Slashdot Mirror


User: bytestorm

bytestorm's activity in the archive.

Stories
0
Comments
128
First seen
Last seen
Profile
(view on slashdot.org)

Comments · 128

  1. Re:Here come the Samsung fanboys... on NVIDIA Sues Qualcomm and Samsung Seeking To Ban Import of Samsung Phones · · Score: 1

    I'm specifically referencing exhaustion/first sale doctrine. I believe that should apply, but as you pointed out, I could be wrong.

  2. Re:Last Gasp of a Dying Man on NVIDIA Sues Qualcomm and Samsung Seeking To Ban Import of Samsung Phones · · Score: 1

    Just curious, has anyone done a gpu power/performance comparison of Imagination Technology's powervr and Nvidia's tegra platforms recently? I don't know that they would clean up by licensing their IP out; it seems to me Nvidia stuff has always been more performance focused than power conscious which is something that is extremely hard to sell in the mobile segment.

  3. Re:Here come the Samsung fanboys... on NVIDIA Sues Qualcomm and Samsung Seeking To Ban Import of Samsung Phones · · Score: 3, Informative

    I am not a lawyer, but I find it hard to believe Samsung is violating any of Nvidia's patents directly by using Qualcomm's Snapdragon 801 and 805 in a product. They received the part and associated driver software from QCOM as a final product and all components and features therein are protected from patent violations. Just like you can't be sued for violating Nvidia's patents by using an AMD GPU which has Nvidia-patented features in your PC, Samsung is protected by purchasing the part from QCOM. Nvidia could block further sales of the Snapdragon CPU to Samsung, but not sales of derived products; even though to to the end consumer it amounts to the same thing. So unless Samsung is violating their agreement with QCOM by enabling features they didn't license from QCOM, NV can't touch them here.

    Similar deal with Exynos (Samsung's SOC) since it licenses the IP involved directly from ARM and Imagination Technologies (Mali and PowerVR GPUs respectively). Unless Samsung's legal team is collectively idiots and/or assholes, they should be protected by their upstream licensing agreements.

    Then again, NV is never going to sue ARM because they would be in a seriously shitty position to renew *their* ARM licenses (if ARM didn't just terminate them on the spot) and then ARM would laugh all the way to the bank about who isn't shipping products.

    Based on that, it's my opinion that Samsung shouldn't be involved in this lawsuit and Nvidia just pulled them in because that's where the money is.

  4. Re:Doesn't this pretty much kill 4chan? on After Celebrity Photo Leaks, 4chan Introduces DMCA Policy · · Score: 3, Informative

    FMIQ (as implemented in the imgSeek server) is pretty good at detecting everything but crops, and that was 5-6 years ago when I last played with it. It likely has no problems with them now. This is a reasonably well solved problem.

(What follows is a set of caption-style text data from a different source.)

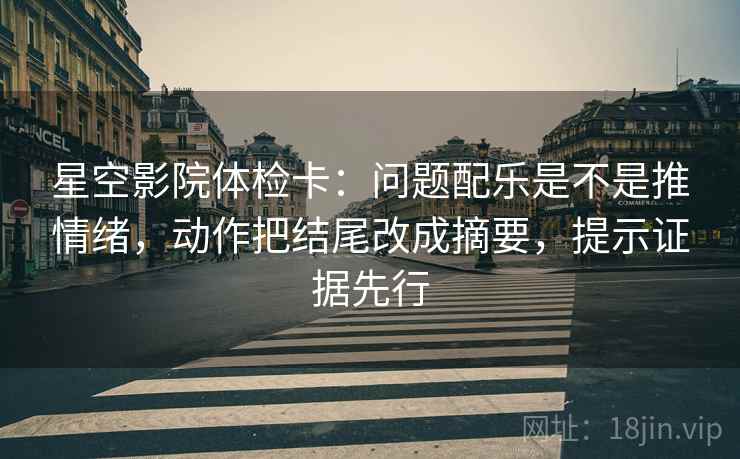 星空影院体检卡:问题配乐是不是推情绪,动作把结尾改成摘要,提示证据先行 星空影院体检卡:问题配乐是不是推情绪,动作把结尾改成摘要,提示证据先行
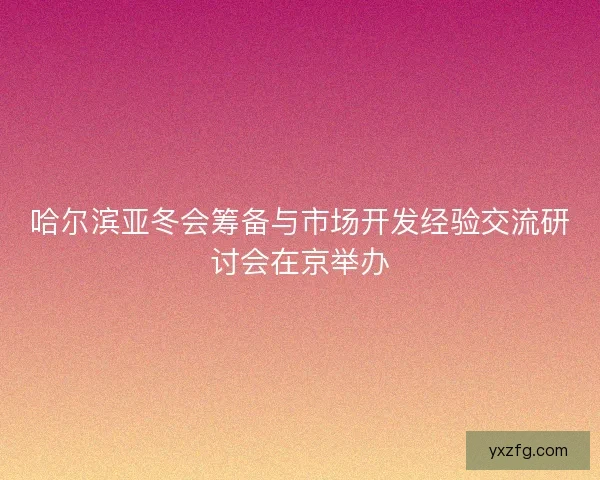 哈尔滨亚冬会筹备与市场开发经验交流研讨会在京举办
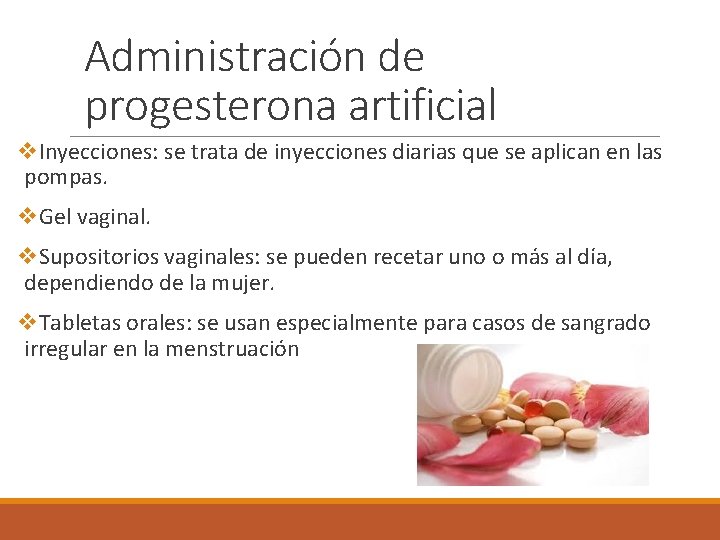 Administración de progesterona artificial v. Inyecciones: se trata de inyecciones diarias que se aplican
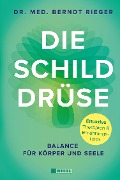 Cover-Bild zum Titel 'Die Schilddrüse' von 'Berndt Rieger'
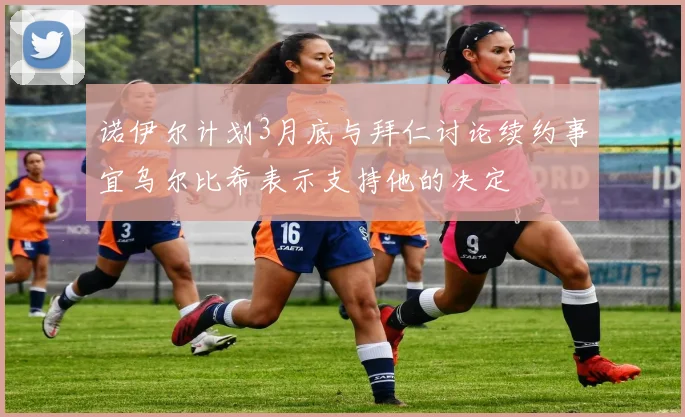 诺伊尔计划3月底与拜仁讨论续约事宜乌尔比希表示支持他的决定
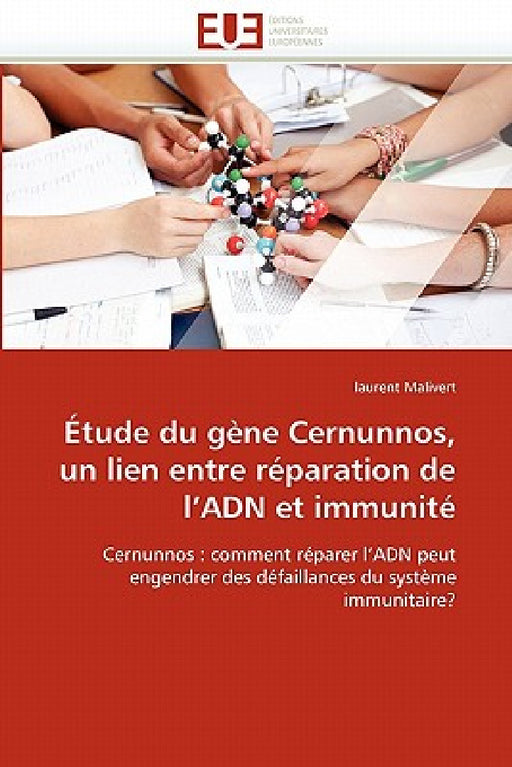 Étude Du Gène Cernunnos, Un Lien Entre Réparation de l''adn Et Immunité by Malivert-L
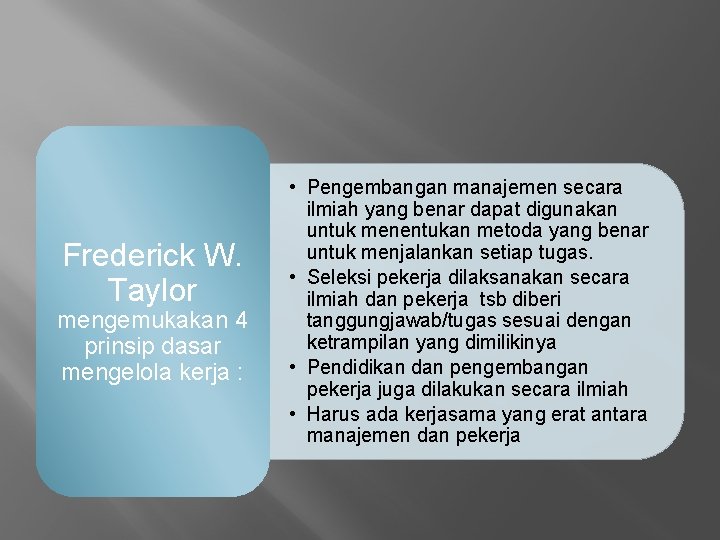 Frederick W. Taylor mengemukakan 4 prinsip dasar mengelola kerja : • Pengembangan manajemen secara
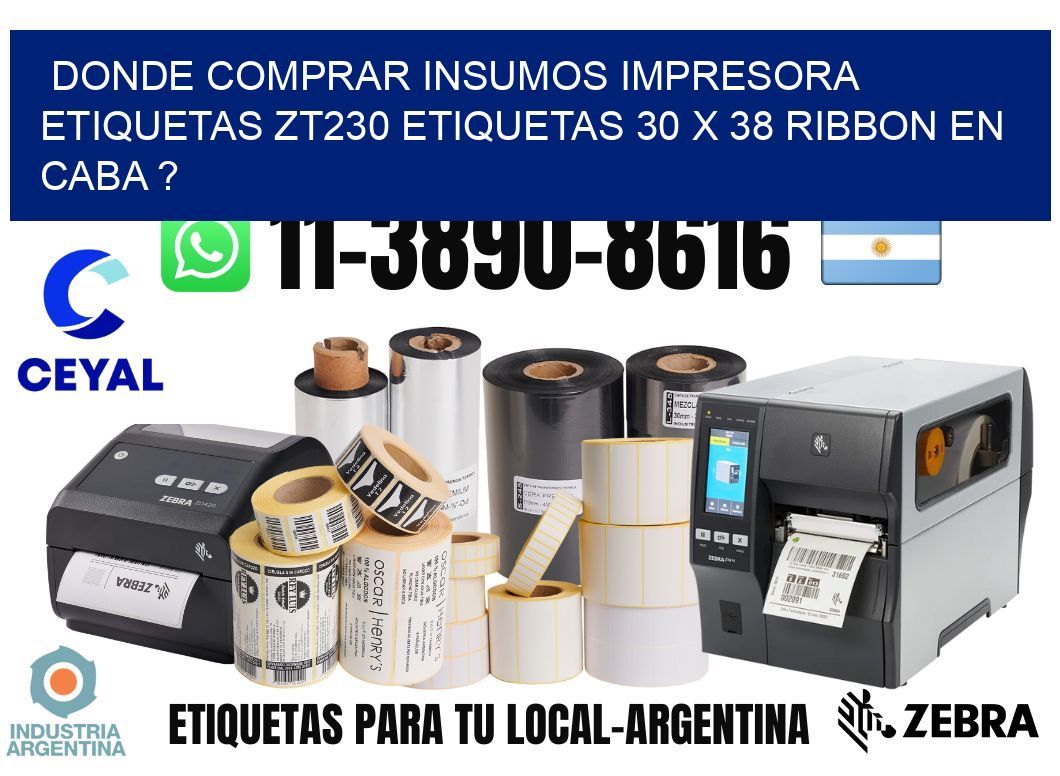 donde comprar insumos impresora etiquetas zt230 etiquetas 30 x 38 ribbon en CABA ?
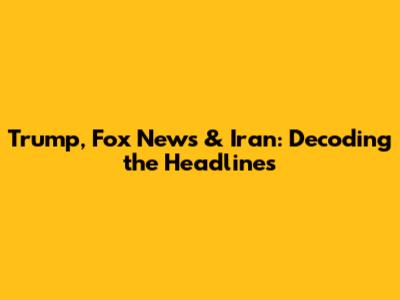 Trump, Fox News & Iran: Decoding the Headlines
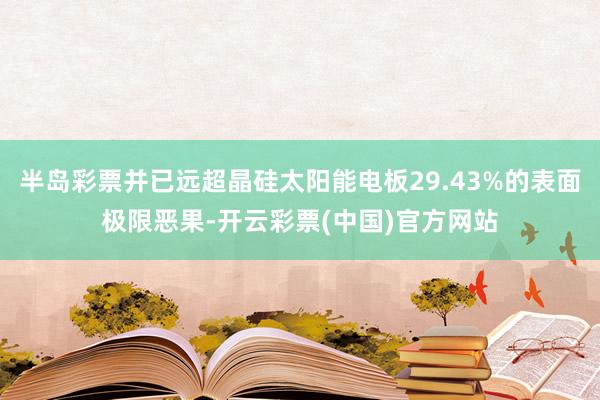 半岛彩票并已远超晶硅太阳能电板29.43%的表面极限恶果-开云彩票(中国)官方网站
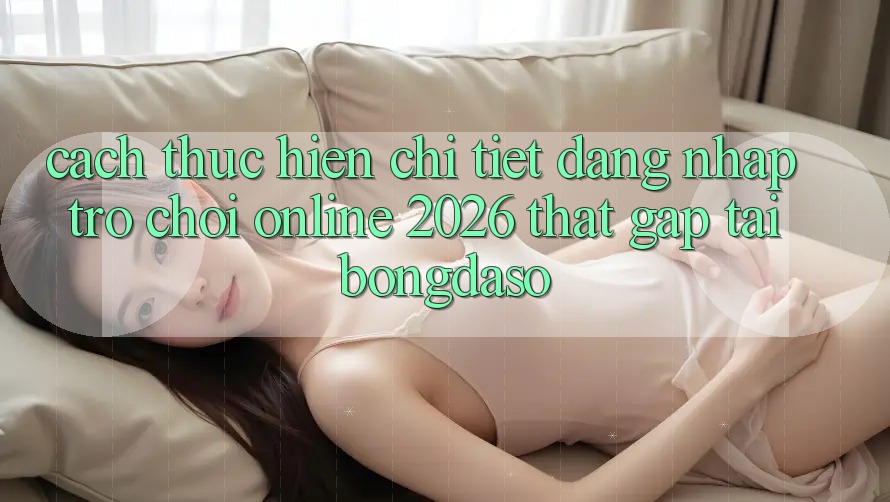 Cách thực hiện Chi Tiết: Đăng Nhập Trò chơi Online 2026 Thật Gấp Tại Bongdaso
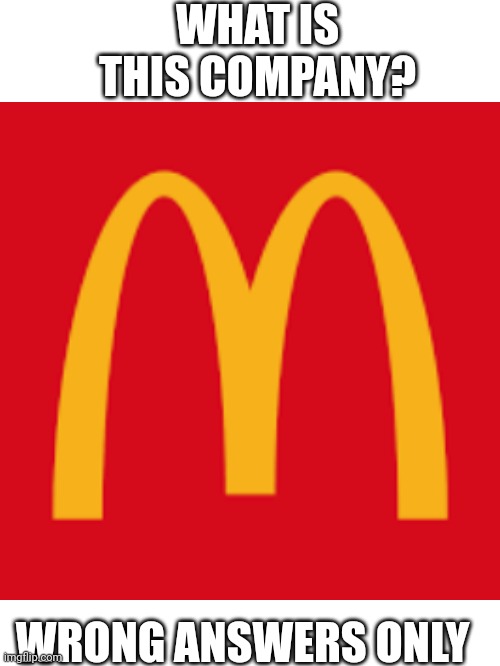 Not Mcdonalds | WHAT IS THIS COMPANY? WRONG ANSWERS ONLY | image tagged in never gonna give you up | made w/ Imgflip meme maker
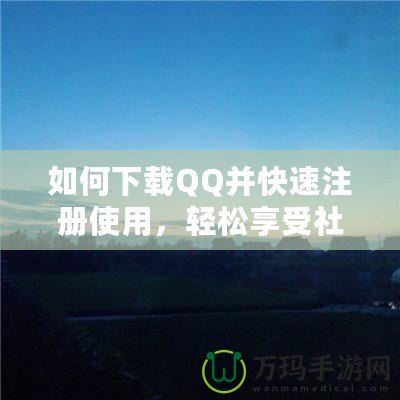 如何下載QQ并快速注冊(cè)使用，輕松享受社交新體驗(yàn)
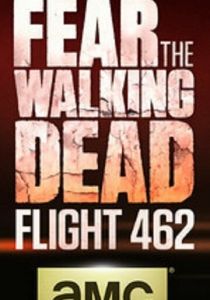 Fear the Walking Dead: Flight 462 2015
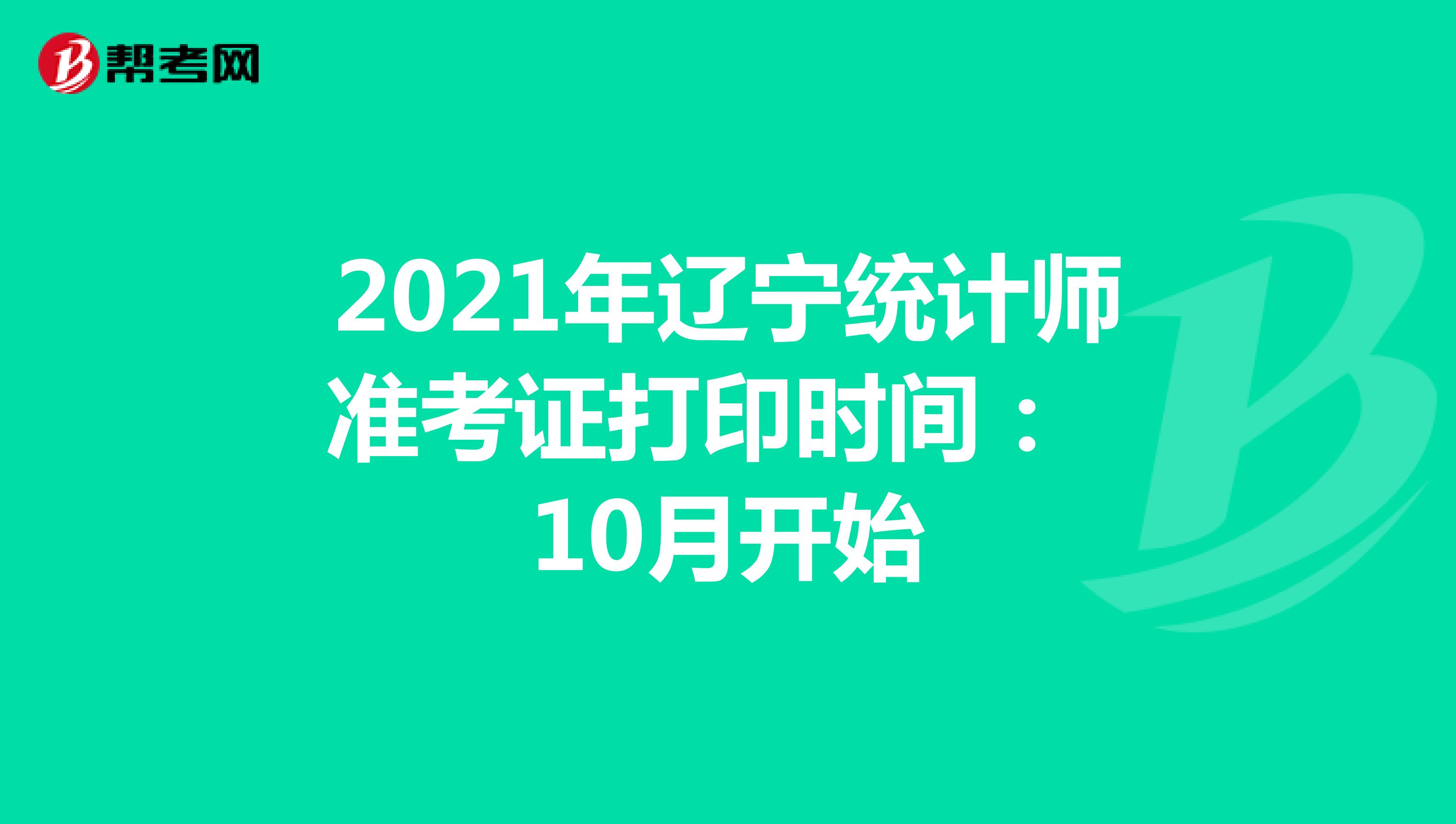 2021年辽宁统计师准考证打印时间： 10月开始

  5. Carrier agnostic, please. on Google, Linaro Develop Custom Android Edition For Project Ara · · Score: 1

    The only part I care about is being able to take the interchangeable radio/baseband unit out of model A on carrier X and put it in model B and continue my service on X with them none the wiser, or even remove the radio entirely and operate without cellular features. Maybe even swap in a part97 radio instead. Ok, that's asking for the moon, but I can dream.

  6. Re:Easy on How Gygax Lost Control of TSR and D&D · · Score: 3, Insightful

    From the way the article reads, it's more like everyone else made their save vs spell... Or perhaps that he lost his save vs PPDM. Seems like after he made his initial critical mistake (allowing investment options to bypass his majority ownership), he couldn't recover without just divesting himself from TSR and starting over before the flagship D&D product was born, which, as a primary creator, he might have been able to pull off.
    The behind closed doors shenanigans, manipulations and backstabbery are about right for any D&D game I've ever been in.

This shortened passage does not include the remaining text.